▸ **LISTED ENTRIES**
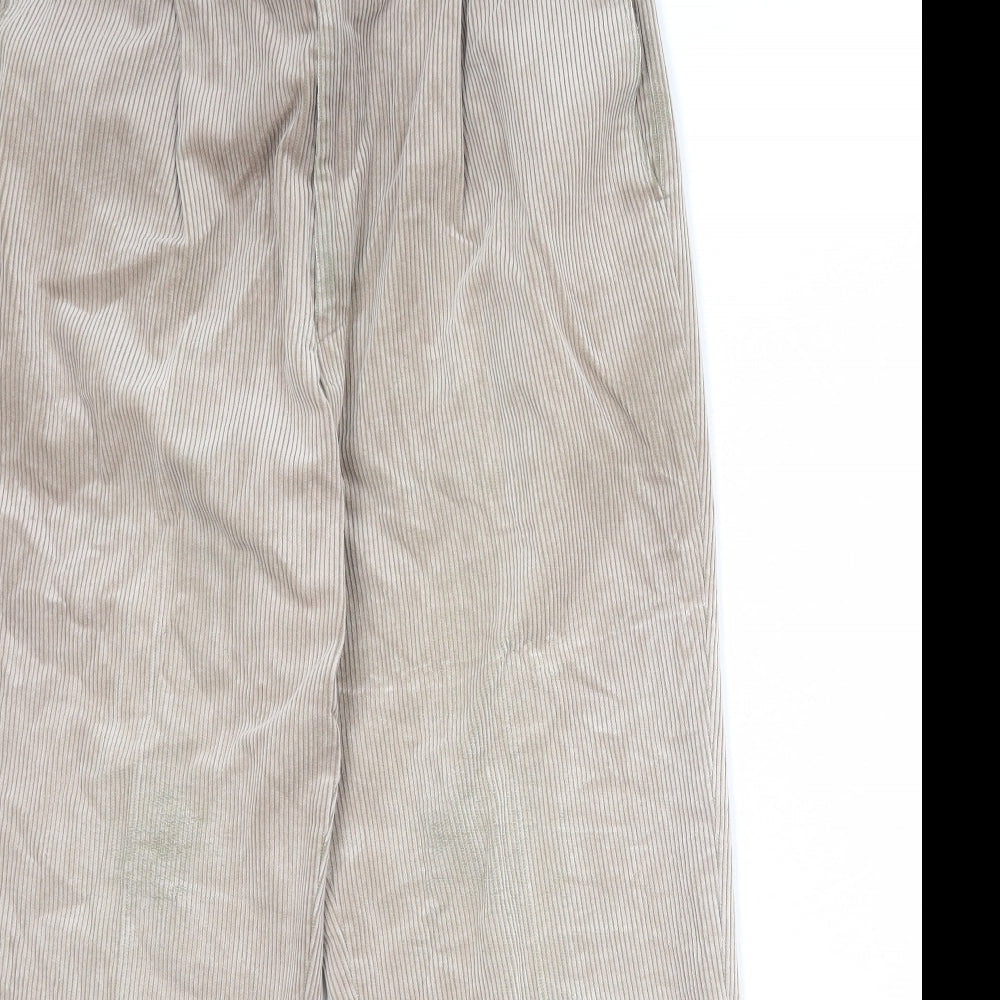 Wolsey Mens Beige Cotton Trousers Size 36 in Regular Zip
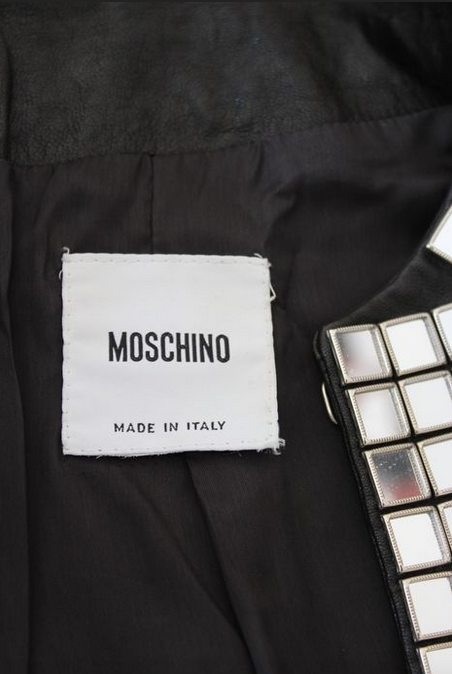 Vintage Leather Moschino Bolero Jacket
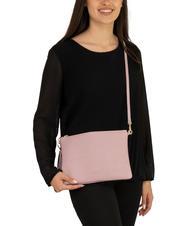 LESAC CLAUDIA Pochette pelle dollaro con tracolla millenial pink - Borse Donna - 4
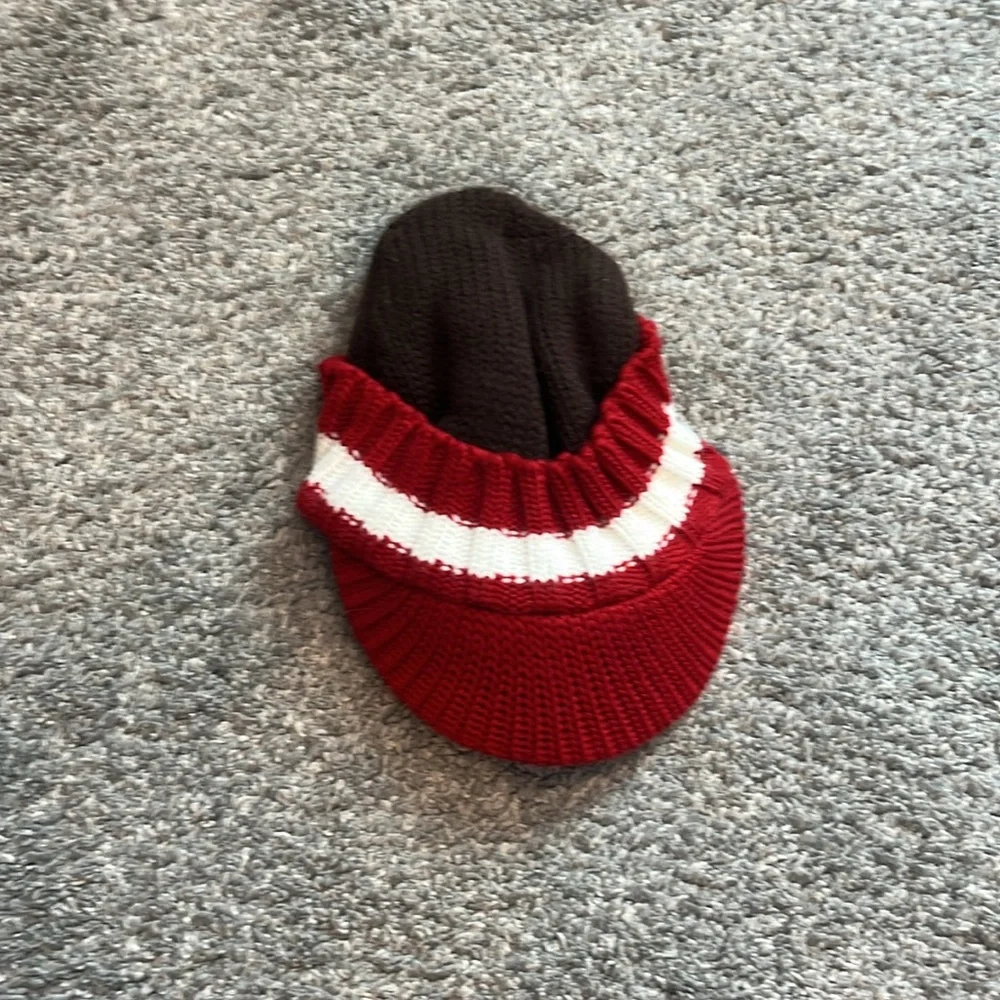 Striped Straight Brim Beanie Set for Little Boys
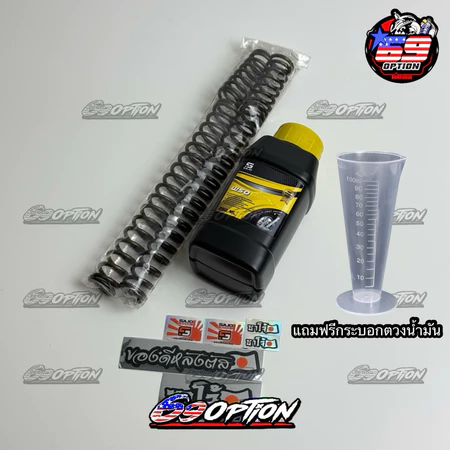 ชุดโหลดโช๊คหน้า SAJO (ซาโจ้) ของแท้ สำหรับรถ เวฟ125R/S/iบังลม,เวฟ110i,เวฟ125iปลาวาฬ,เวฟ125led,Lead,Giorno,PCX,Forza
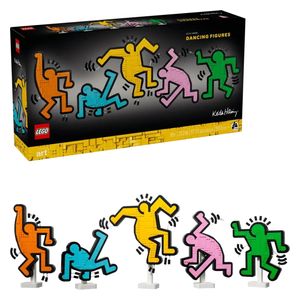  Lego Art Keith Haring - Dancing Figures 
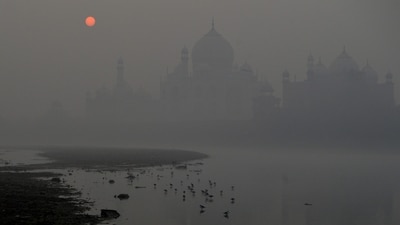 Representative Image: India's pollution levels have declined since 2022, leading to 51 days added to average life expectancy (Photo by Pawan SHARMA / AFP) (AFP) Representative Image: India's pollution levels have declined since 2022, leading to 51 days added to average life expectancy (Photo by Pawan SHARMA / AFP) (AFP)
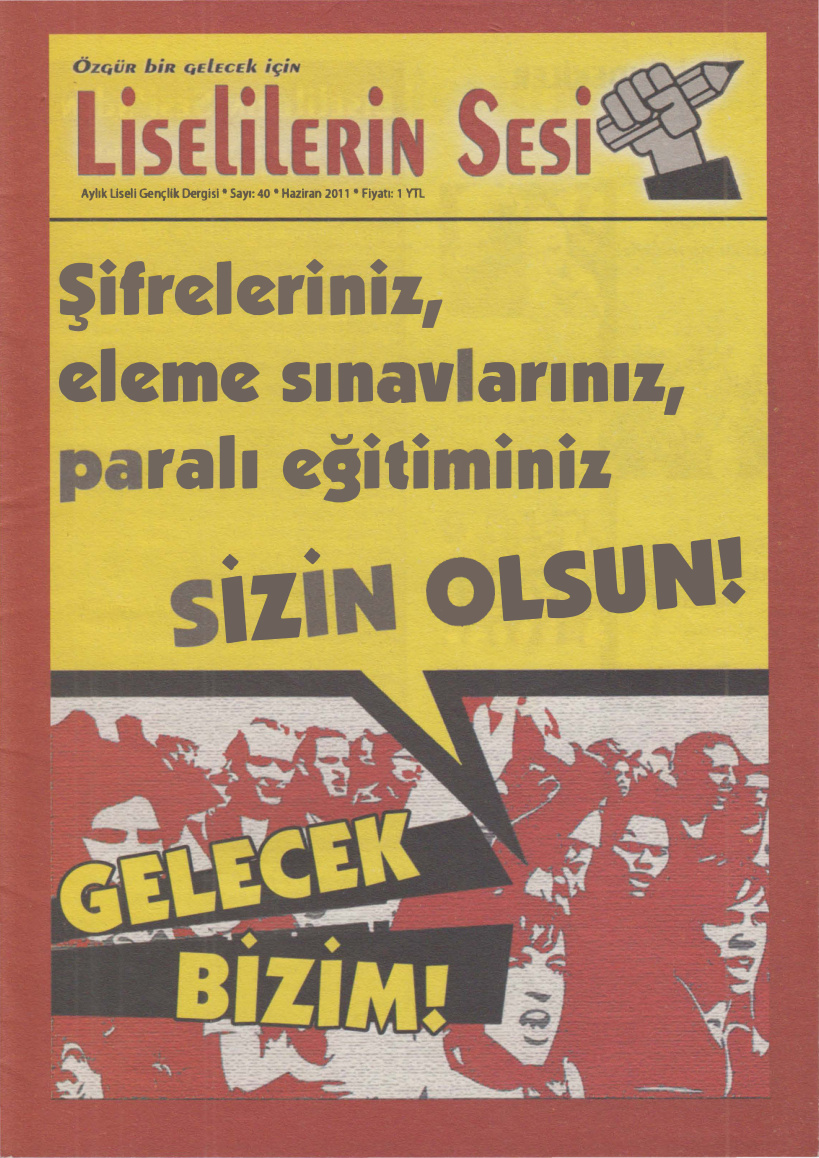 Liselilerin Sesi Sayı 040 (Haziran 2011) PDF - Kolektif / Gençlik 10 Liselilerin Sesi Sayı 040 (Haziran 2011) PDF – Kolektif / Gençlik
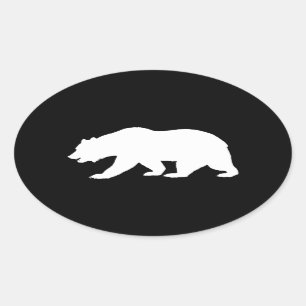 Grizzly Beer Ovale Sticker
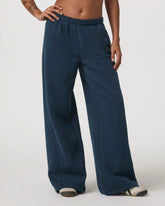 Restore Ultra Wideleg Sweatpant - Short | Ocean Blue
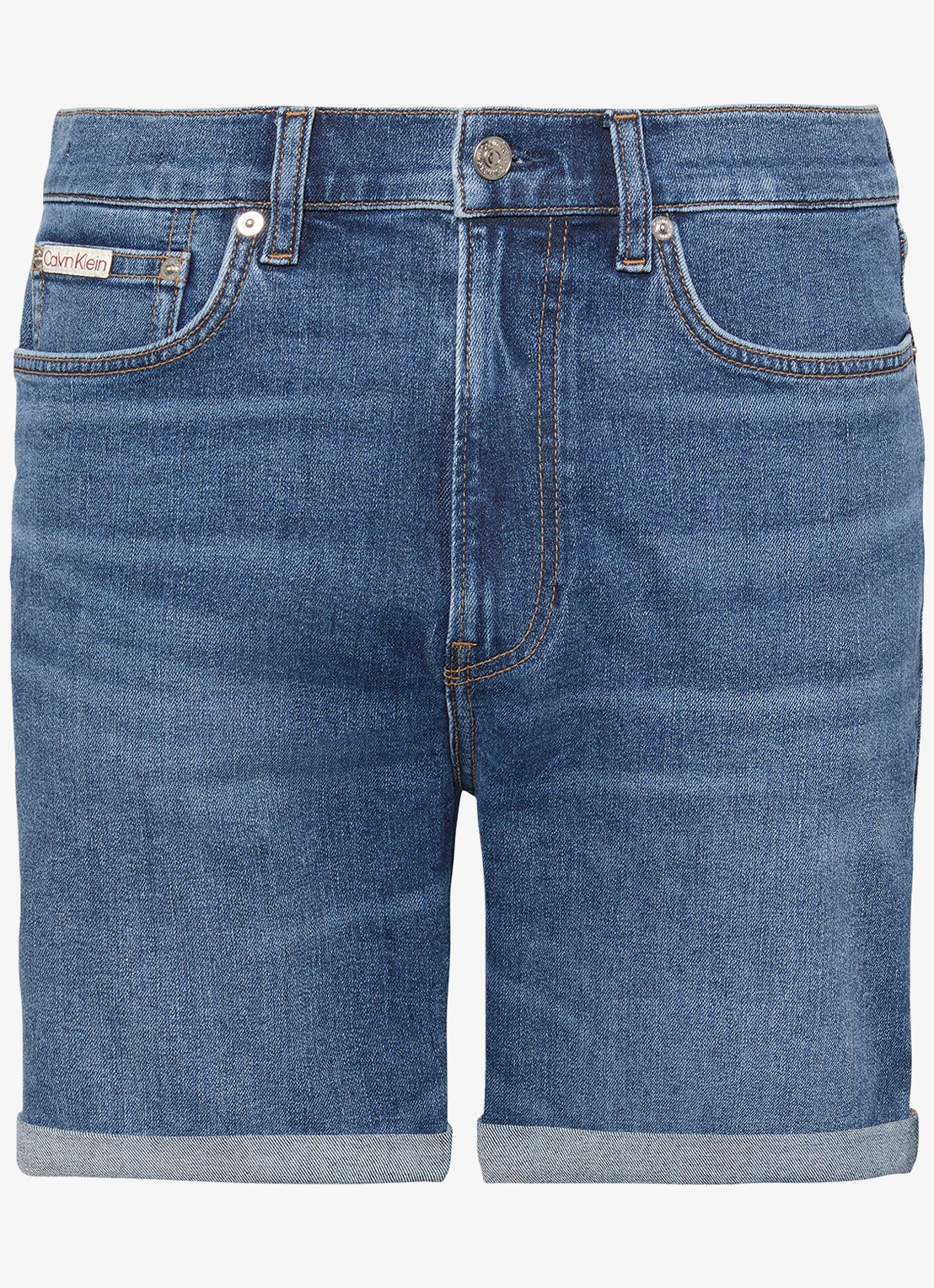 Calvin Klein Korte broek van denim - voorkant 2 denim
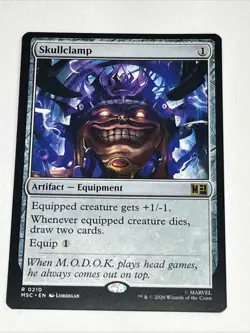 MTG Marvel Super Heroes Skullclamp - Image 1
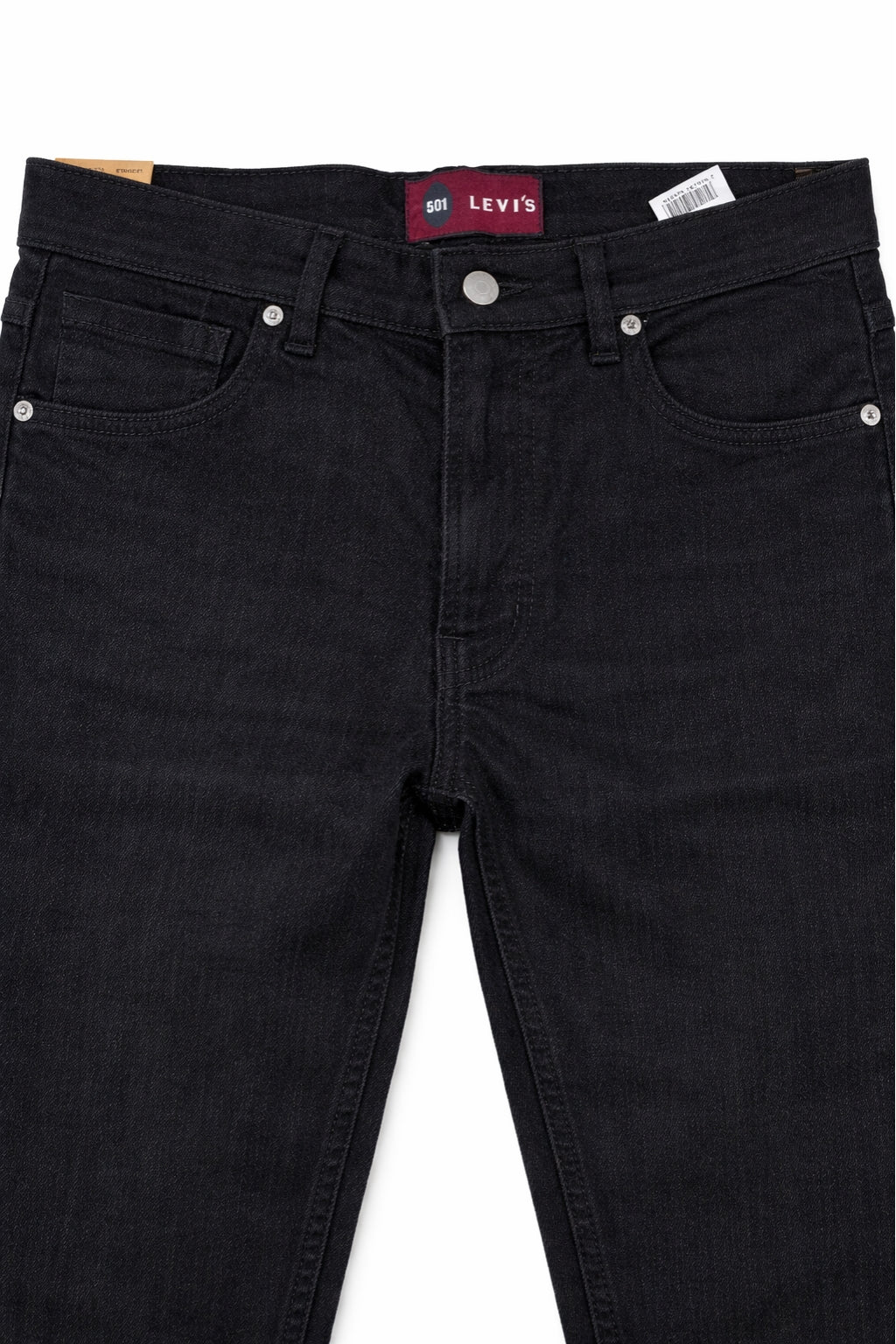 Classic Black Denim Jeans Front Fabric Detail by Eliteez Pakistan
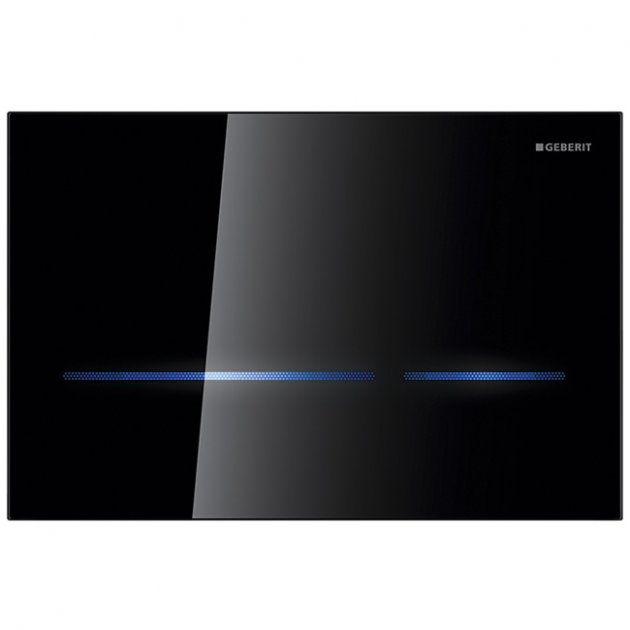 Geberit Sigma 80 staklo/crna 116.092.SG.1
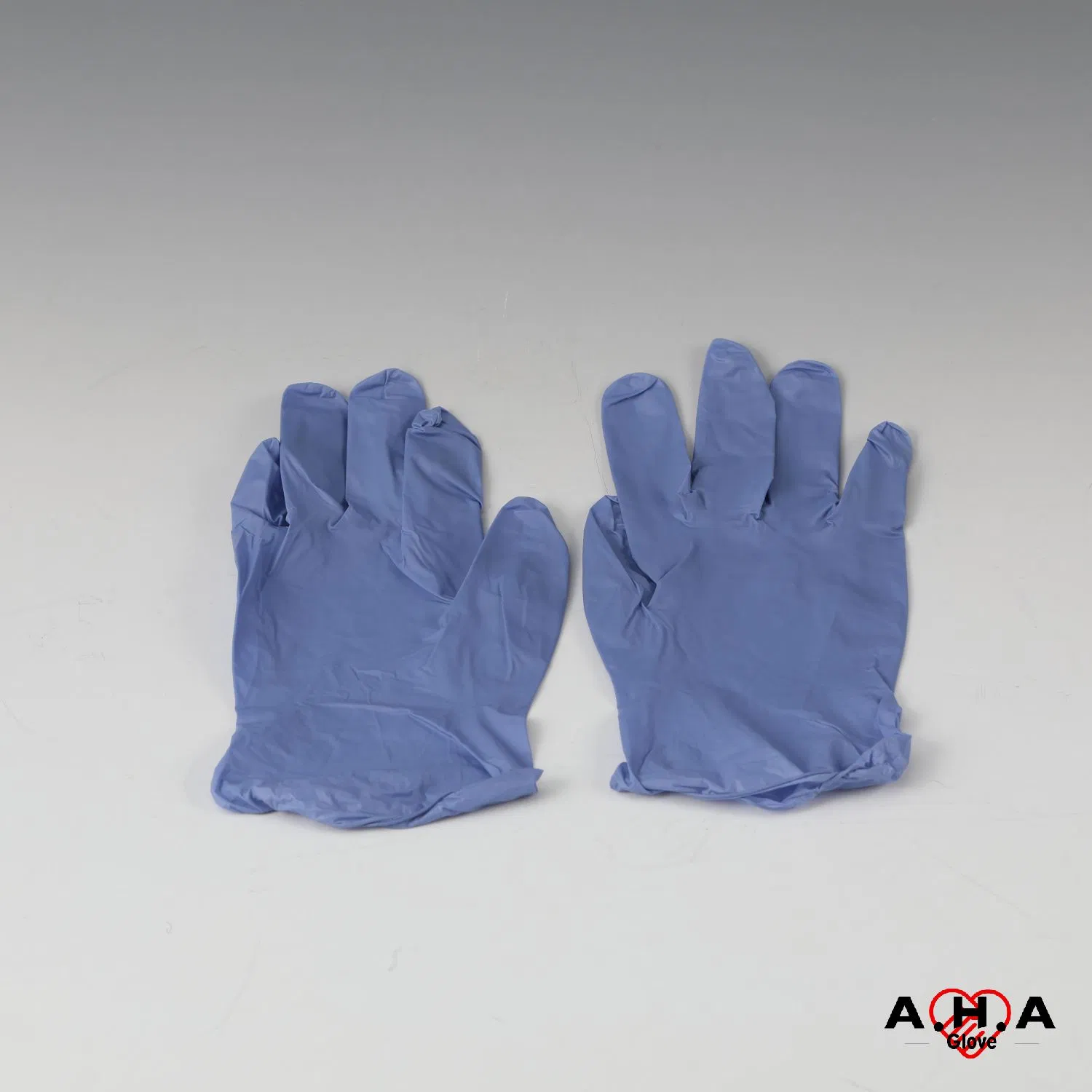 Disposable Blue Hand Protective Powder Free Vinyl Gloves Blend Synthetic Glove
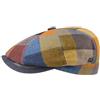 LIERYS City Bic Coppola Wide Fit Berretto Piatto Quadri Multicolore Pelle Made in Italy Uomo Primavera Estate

▸ **TASK GOAL**
Word for word, restate the lines from the line containing "Disposable Blue Hand" through the end of the data, including the first and last of them. Pictures stay out.

▸ **OUTPUT BELOW**
 Disposable Blue Hand Protective Powder Free Vinyl Gloves Blend Synthetic Glove
 LIERYS City Bic Coppola Wide Fit Berretto Piatto Quadri Multicolore Pelle Made in Italy Uomo Primavera Estate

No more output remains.